START THE INPUT

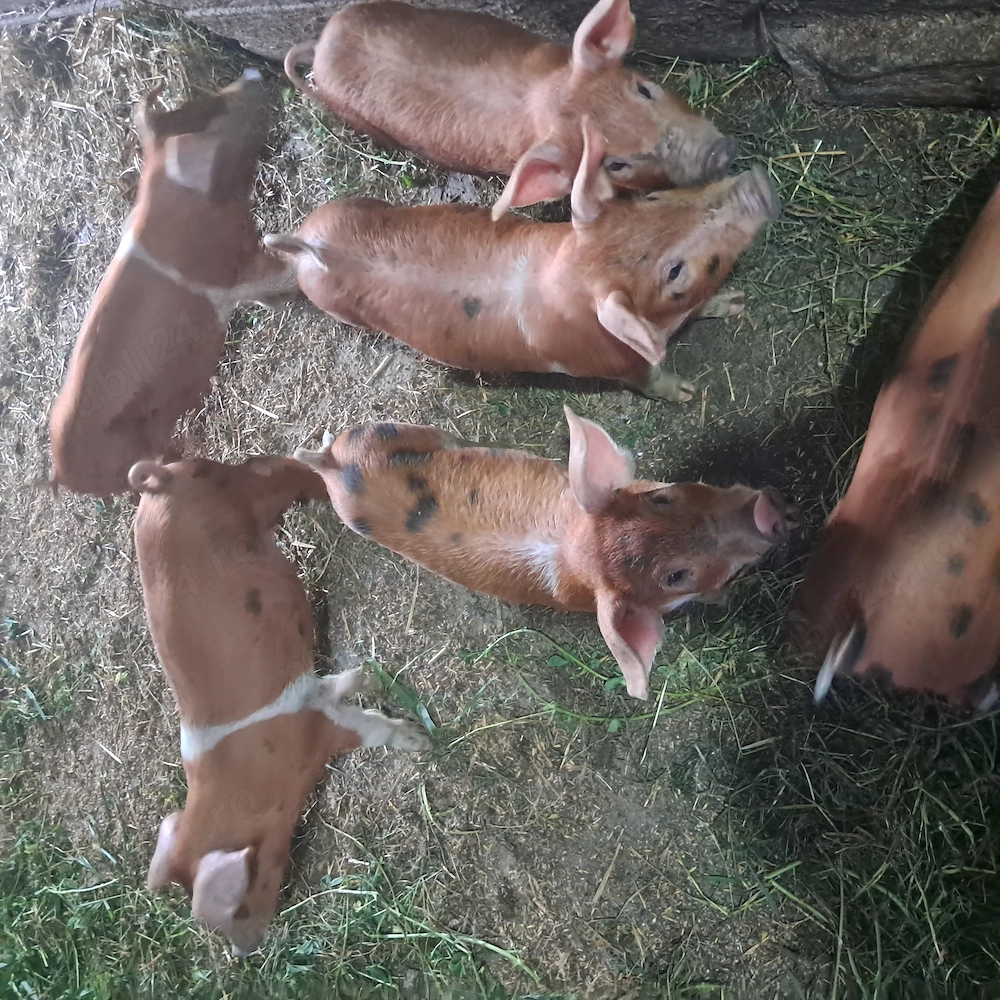 purcei 8 săptămâni detali la nr   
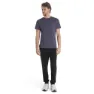Icebreaker Core Merino T-shirt Med Korta ärmar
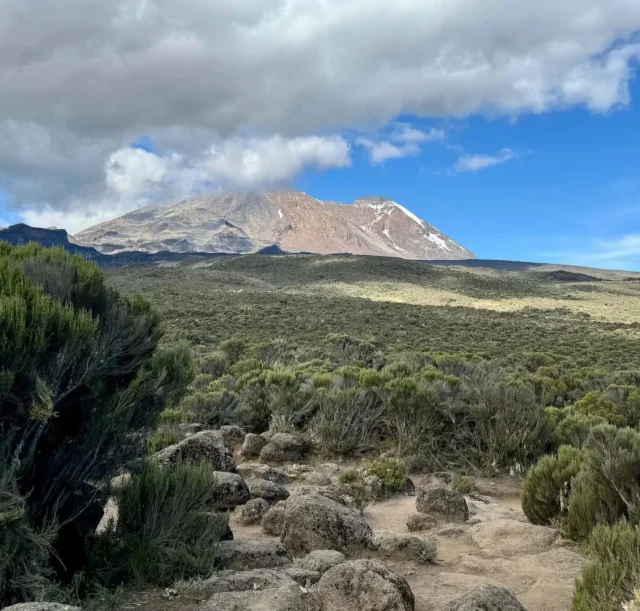 lemosho-route-shira-plateau-kilimanjaro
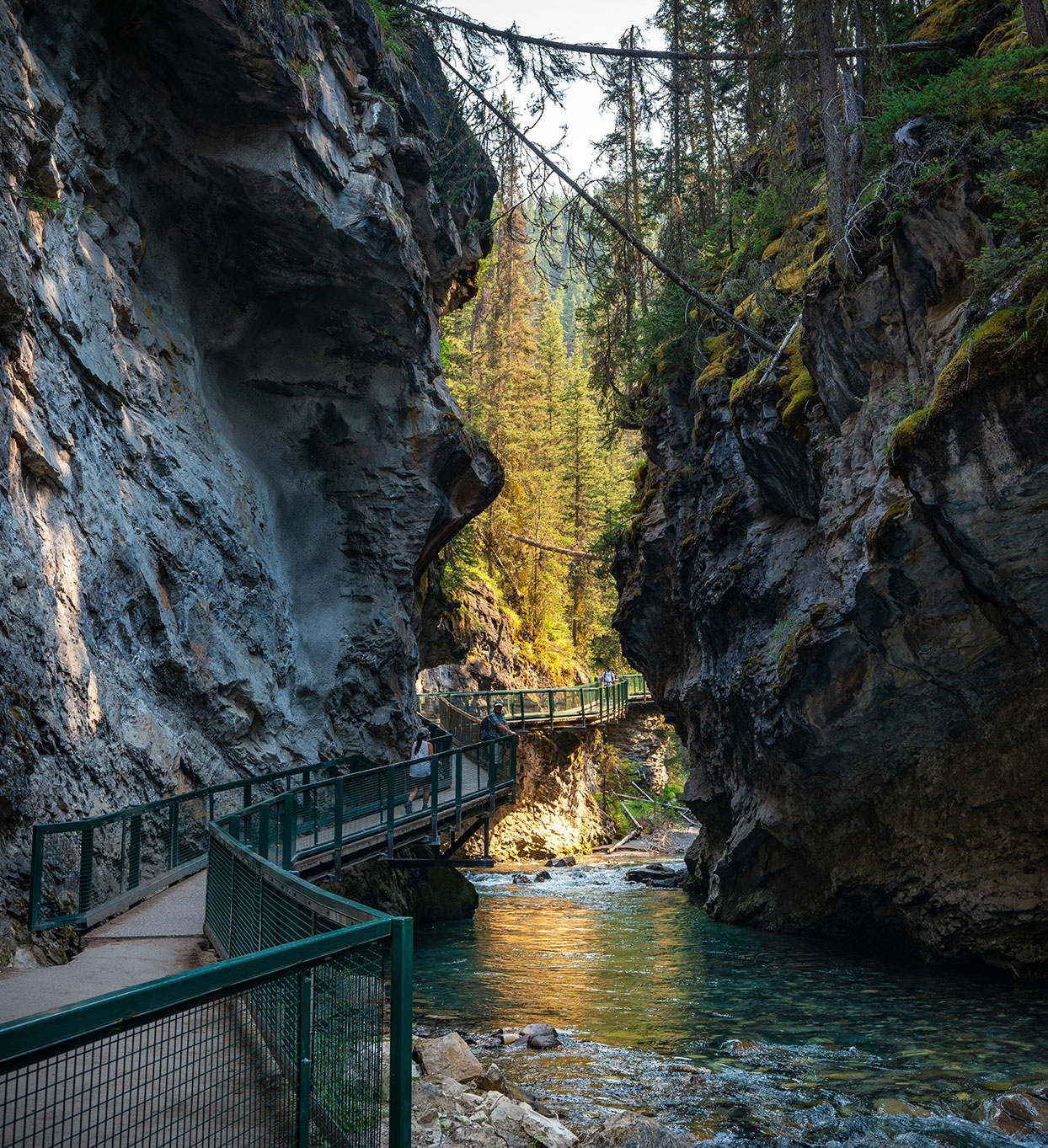 Moose Hotel Rooftop Hot Pools by Katie Goldie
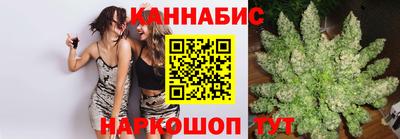 шишки Заводоуковск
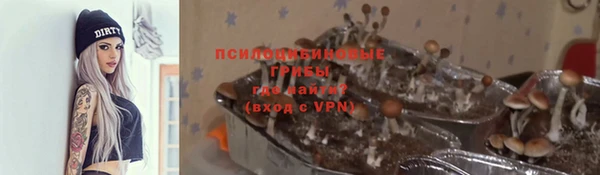 мяу мяу мука Мегион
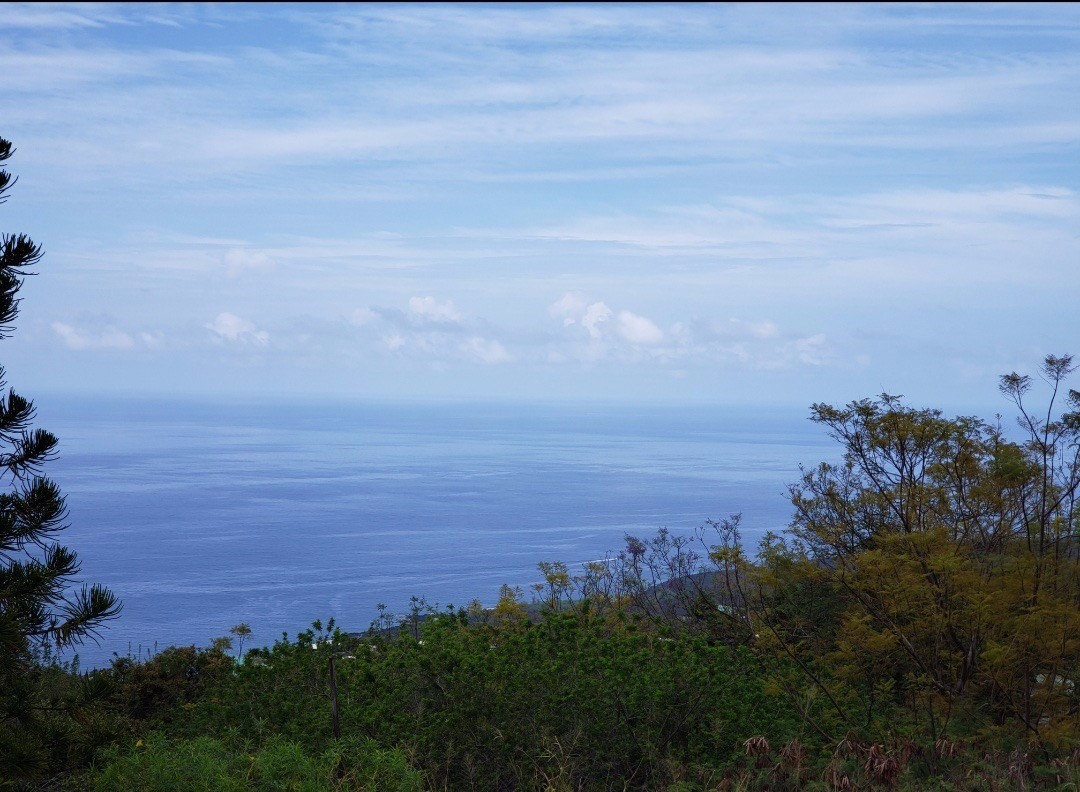 18 Lehua Road Captain Cook, HI 96704 - Photo 2 of 6 a view of a lake and mountain in the back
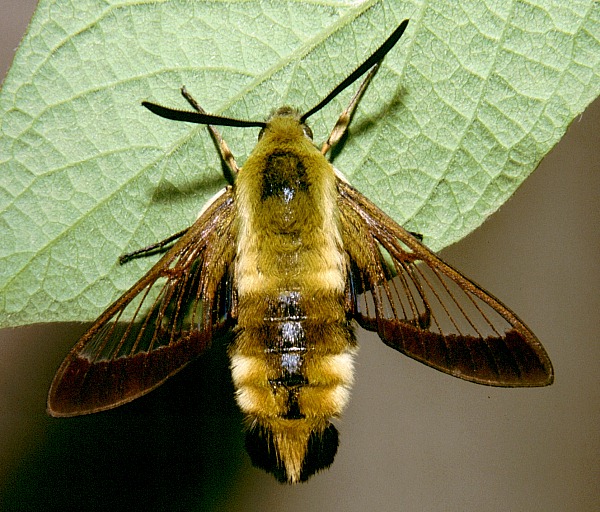 Resting male of Hemaris affinis, Beijing, China. Photo: &copy; Tony Pittaway.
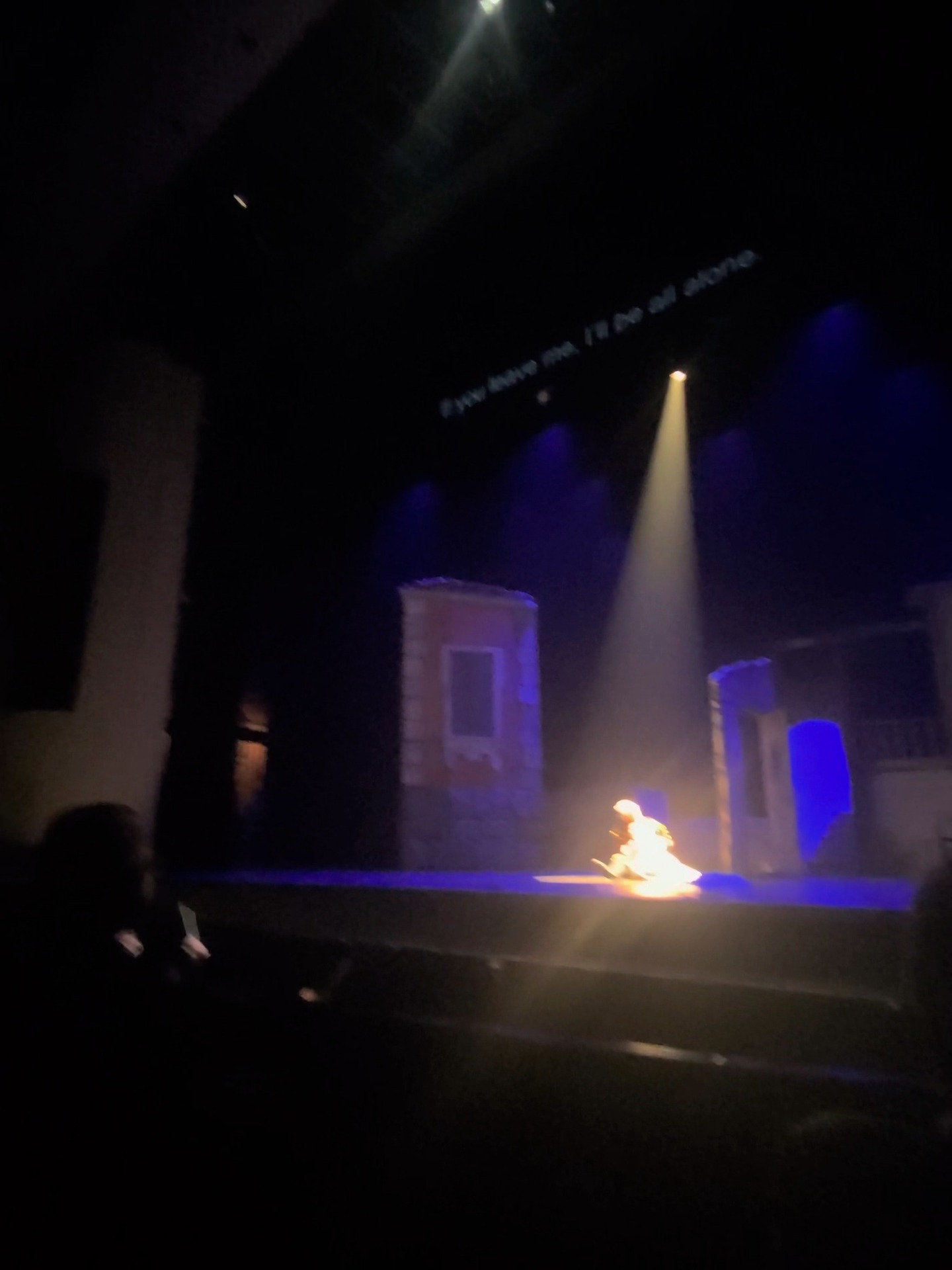 Thank you to Gannon King for capturing the tragic scene at the end of Rigoletto with Teatro Lirico d'Europa at the McCallum Theatre . It was a pleasure to sing with baritone Michael Nansel and Maestro Jason Tramm in this tender moment. I look forward to more!
@desert_dwelling_polymath
@mccallumtheatre
@michaelnansel
@jasontramm
#verdi #rigoletto #soprano #baritone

END THE INPUT

## TASK DESCRIPTION
Are you able to set down all the lines above exactly, without any pictures?

## WRITTEN SOLUTION
 purcei 8 săptămâni detali la nr   
Icebreaker Core Merino T-shirt Med Korta ärmar
 lemosho-route-shira-plateau-kilimanjaro
 Moose Hotel Rooftop Hot Pools by Katie Goldie
 шишки Заводоуковск
 мяу мяу мука Мегион
 18 Lehua Road Captain Cook, HI 96704 - Photo 2 of 6 a view of a lake and mountain in the back
 Resting male of Hemaris affinis, Beijing, China. Photo: &copy; Tony Pittaway.
 Thank you to Gannon King for capturing the tragic scene at the end of Rigoletto with Teatro Lirico d'Europa at the McCallum Theatre . It was a pleasure to sing with baritone Michael Nansel and Maestro Jason Tramm in this tender moment. I look forward to more!
@desert_dwelling_polymath
@mccallumtheatre
@michaelnansel
@jasontramm
#verdi #rigoletto #soprano #baritone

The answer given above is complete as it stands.